Insight: Living in Arizona made me love my home state more

Moving away from Maine helped me realize everything I love about it

When the time came to consider which colleges to apply to , I was confused and indecisive. I only knew one thing for certain — I wanted to get out of Maine.

Maine has been home for my entire life. By the time I turned 18, it all felt so familiar.

It was easy to find myself feeling trapped in a small town environment where I knew everyone, and everyone knew me. The population of the entire state of Maine is estimated to be around 1.3 million — to put that into context, the population of Phoenix alone is nearly 1.7 million.

I wanted to branch out, but I felt I couldn't in a state I had outgrown.

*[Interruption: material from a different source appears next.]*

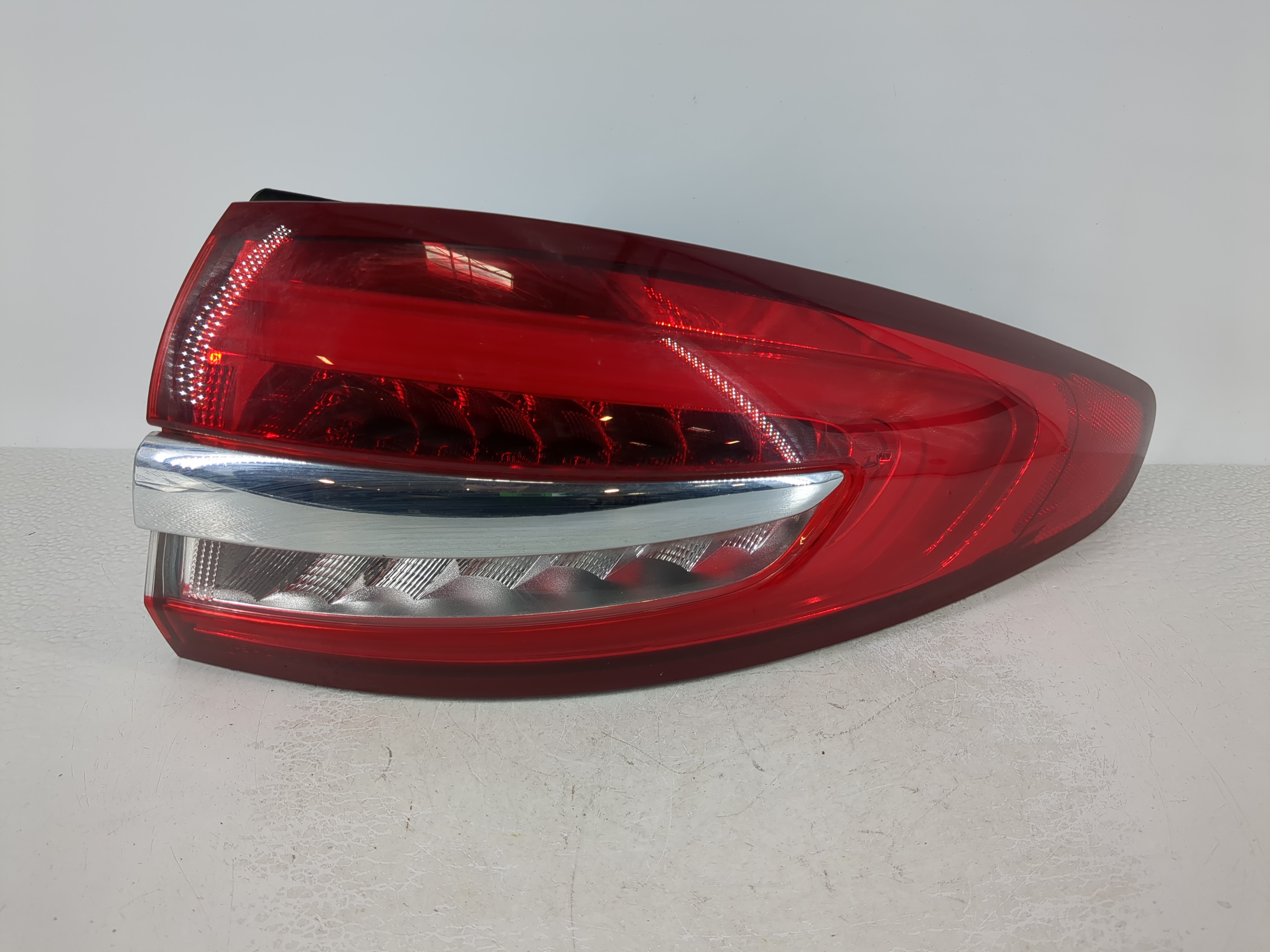 2017-2020 Ford Fusion Passenger Right Side Tail Light Taillight Oem 1109022 - Oemusedautoparts1.com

READ MORE: I hated Arizona, so I moved away. Then I moved right back

After years of having this feeling, I was ready for an out-of-state adventure. Uprooting myself and moving to Arizona for college commenced my journey in open skies and eternal summer weather welcoming me to the West Coast.

The environment I called for the next 10 months could not have been more different. The vast mountainous skylines and plentiful cactuses were almost alien to me compared to the forest and shores of Maine. I drove along desert highways for the first time, and I loved it.

I was finally in an place where I knew nearly nothing and no one. I could begin an exploration outside of the small towns I knew like the back of my hand. From late August to September, I hardly thought about Maine at all.

But as freshman year continued on, I was met with the inevitable "get-to-know-you" questions. 

"Where are you from?"

Strangers asked me this question in the elevator, on the lawns and when I tried engaging in small talk to make new friends.

Many people joked about no one actually living in Maine. Others said I must have lived in a woodland cabin, cut off from all civilization, with my pet moose. These claims were amusing, but I felt an innate responsibility to defend my home state and prove to everyone how it was truly one-of-a-kind, despite the fact just months ago I was itching to leave.

They provided the opportunity for me to prove Maine was more than a just mystery state nestled under Canada.

Telling others about the awe of Acadia, the adventures of Sebago Lake and the charm of the Old Port made me yearn to return to the state which had so recently grown mundane.

Eventually, fall came and went. I missed the colorful foliage and apple picking — something so rarely seen in the desert. The buildup to winter festivities felt lacking without snow and skiing at Sunday River.

As much as I had learned to love how the sunny Arizona weather lifted my mood and how the vibrant sunsets always left me in awe, I began acknowledging that I hadn't actually outgrown Maine — I just needed to view it from the outside in order to fully appreciate it.

A state which had previously felt dull to me turned into a badge I wore with pride — I loved being the girl from Maine, experiencing life in the West.

I love how Maine's driver's education courses taught me to know what to do when there's a moose in the road, and I love that I immediately notice whenever anyone wears an L.L.Bean flannel. But, I also love that I left.

Despite my newfound appreciation for my home state, I don't regret my move back in the slightest — it was necessary for me to explore beyond what I already knew.

I've created a new life in the West providing me with plenty of opportunities for the next four years. I look forward to exploring nearby areas until they, too, are ingrained in my mind.

While I now call the Grand Canyon State my home for the majority of the year, Maine will always have a special place in my heart.